Java JRE 8 Update 341 (64-bit)

What's new in this version:

New Features:
Core-libs/java.net:
HTTPS Channel Binding Support for Java GSS/Kerberos:
- Support has been added for TLS channel binding tokens for Negotiate/Kerberos authentication over HTTPS through javax.net.HttpsURLConnection.
- Channel binding tokens are increasingly required as an enhanced form of security. They work by communicating from a client to a server the client's understanding of the binding between connection security (as represented by a TLS server cert) and higher level authentication credentials (such as a username and password). The server can then detect if the client has been fooled by a MITM and shutdown the session/connection.

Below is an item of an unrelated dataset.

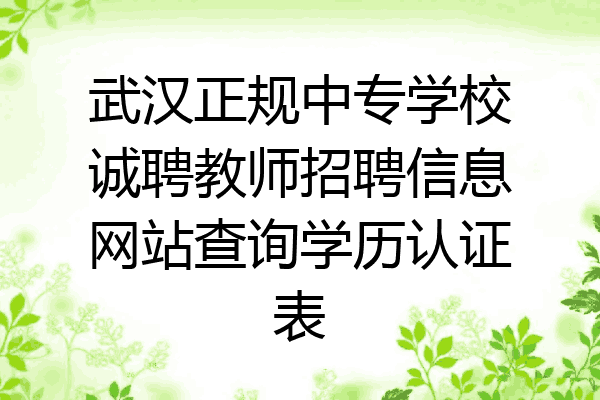 武汉正规中专学校诚聘教师招聘信息网站查询学历认证表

The feature is controlled through a new system property `jdk.https.negotiate.cbt` which is described fully as below:
- Jdk.https.negotiate.cbt (default: "never")
- This controls the generation and sending of TLS channel binding tokens (CBT) when Kerberos or the Negotiate authentication scheme using Kerberos are employed over HTTPS with HttpsURLConnection. There are three possible settings:
- "never". This is also the default value if the property is not set. In this case, CBTs are never sent.
- "always". CBTs are sent for all Kerberos authentication attempts over HTTPS.
- "domain:" Each domain in the list specifies destination host or hosts for which a CBT is sent. Domains can be single hosts like foo, or foo.com, or literal IP addresses as specified in RFC 2732, or wildcards like *.foo.com which matches all hosts under foo.com and its sub-domains. CBTs are not sent to any destinations that don't match one of the list entries
- The channel binding tokens generated are of the type "tls-server-end-point" as defined in RFC 5929

Security-libs/javax.net.ssl:
Enable TLSv1.3 by Default on JDK 8u for Client Roles:
- The TLSv1.3 implementation is available in JDK 8u from 8u261 and enabled by default for server roles but disabled by default for client roles. From this release onwards, TLSv1.3 is now also enabled by default for client roles. You can find more details in the Additional Information section of the Oracle JRE and JDK Cryptographic Roadmap.

Other Notes:
JDK Bundle Extensions Truncated When Downloading Using Firefox 102:
- On oracle.com and java.com, certain JDK bundle extensions are getting truncated on download when using Firefox version 102. The downloaded bundles have no file extension like ".exe", ".rpm", ".deb". If you are not able to upgrade to Firefox ESR 102.0.1 or Firefox 103 when it is released, then as a workaround you can:
- Manually add a file extension to the file name after download.
- Use a different browser

Core-libs/java.io:serialization:
Vector Should Throw ClassNotFoundException for a Missing Class of an Element:
- Java.util.Vector is updated to correctly report ClassNotFoundException that occurs during deserialization using java.io.ObjectInputStream.GetField.get(name, object) when the class of an element of the Vector is not found. Without this fix, a StreamCorruptedException is thrown that does not provide information about the missing class.

Core-libs/java.util.jar:
Default JDK Compressor Will Be Closed when IOException Is Encountered:
- DeflaterOutputStream.close() and GZIPOutputStream.finish() methods have been modified to close out the associated default JDK compressor before propagating a Throwable up the stack. ZIPOutputStream.closeEntry() method has been modified to close out the associated default JDK compressor before propagating an IOException, not of type ZipException, up the stack.